Despite their danger, Tupper had to give it to him. Brinks definitely knew how to improvise. The Archmage seemed to have focused on him as well, for now. Tupper tried not to breathe too loudly, looking down just like any good servant would do. It grated, but it was especially necessary right now.

The King turned to his advisor. “You’ve done something very grave here, my friend. Now that they are here, they must stay, or risk telling others what they have seen. Why would you do such a thing?”

The Archmage gave a tight smile. “They are practitioners, my King. Their language is beyond foreign, as I told you in the throne room. I needed a spell just to understand their words. Also, when I bound them, they were afraid but unsurprised. They have some experience of magic; I am sure of it.”

“Indeed?” The young King’s eyes fixated back on Brinks. “How marvelous! All this time we thought that only the men of this one land could harness these primal forces, and here we are, faced with foreigners who also know of the Art! Tell me, what strange land do you come from?”

“It’s a great distance from here, my King; across endless waves and stormy seas,” Brinks said truthfully enough at least for himself. “Still, there are a few of us who learned to do incredible things. When I heard rumors of a… great power on this isle, I had to come and see for myself.”

The King’s eyes brightened, but Ambrosius snorted. “He lies, my King. When I first heard him and his ‘servant’ speaking, he asked the brown-haired one what to do next. What kind of lord queries his servant for such things?”

The King looked surprised, and then glanced over at Tupper. “Is this true?”

Tupper nodded. “Yes, my King,” he said as faintly as he could manage. The Archmage would be able to sense a lie quite easily, so he had to tell the truth.

Fortunately, Brinks adapted quickly to this as well. “Tupper, as I call him, is not from my homeland. He is native to this island. I took him into my service what seems like months ago, and he has served as my guide in a strange land. I would have been lost but for his knowledge. I understand why the Archmage brought us here, so as to keep knowledge of the… Art, from being known to the Nomaj—uh, the ordinary folk. I bear him no ill will for that. We keep such secrets in our own homeland, for much the same reason.” Again, Tupper had to admire his tapestry of words. Every statement he’d made was true, if not in the way he let on.

The King looked at the Archmage again, inquiringly, and after a few seconds, the other man shook his head. “I sense no lie within their words.”

“Splendid!” The King said brightly. “As you already know of the Art, and the need to keep it secret from the masses, I see no need to hold you here against your will. However I would invite you to stay here for at least a fortnight. I suspect there is much we could learn from each other, and it is such a pleasure to speak with foreigners who are not barbarians or animals at heart.”

“I would be honored, my King,” Brinks said smoothly. He must have realized that the High King’s ‘invitation’ was actually a command, and even to politely decline it would be to invite his anger.

The King clapped his hands loudly, and the door opened again. “Take Lord Brinks to the guest quarters in the east wing, and his servant will go below with the rest.” He made to move out of the room, but Brinks spoke up right off.

“With respect, Highness, I would prefer to keep Tupper close to me. There are still many things about this land I don’t understand, and I could use his experience.”
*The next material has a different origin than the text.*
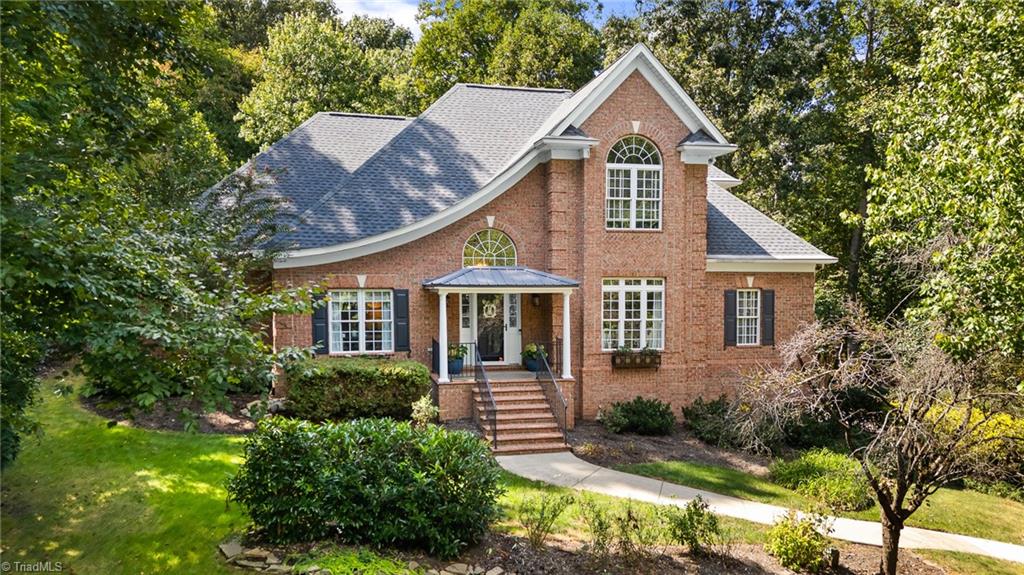 Two-story red brick house with an arched upper window, covered entry, and mature trees.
“Yes, yes, as you see fit,” the King said dismissively, and swept on out into the hallway, his cloak billowing behind him. “Come along, Ambrosius!”

Glowering at the both of them, the Archmage followed. Tupper could practically hear his teeth grinding as he passed. Afterwards, the servants led them out of this chamber, and back along the passage they’d been dragged through originally. They were the exact same ones holding Tupper and Brinks earlier, and completely at ease with the sudden change in circumstances. They led the two of them up a far corridor beyond the courtyard the Archmage had landed in, and then up a flight of stairs.

Tupper had to admit the view was beautiful. From up here, he could see half of the countryside, and the distant buildings of Winchester itself! The tiny blue line of the Itchen River ran its way through the city and out the other end, on its way to the sea. The wizards who lived here—because it couldn’t just be the Archmage himself—must have hauled food, water and building supplies up here magically over a long period of time.

“Evening meal will be served an hour before sundown,” one of the servants said tonelessly, before they both bowed and left, leaving Tupper and Brinks to the guest room.

Surreptitiously, Tupper checked the hallway back and forth. Invisibility wouldn’t be discovered for a few hundred years either, but there were rumors of some magical artifacts that predated the spell itself. Still, he was reasonably certain no one could overhear them. He nodded over at Brinks.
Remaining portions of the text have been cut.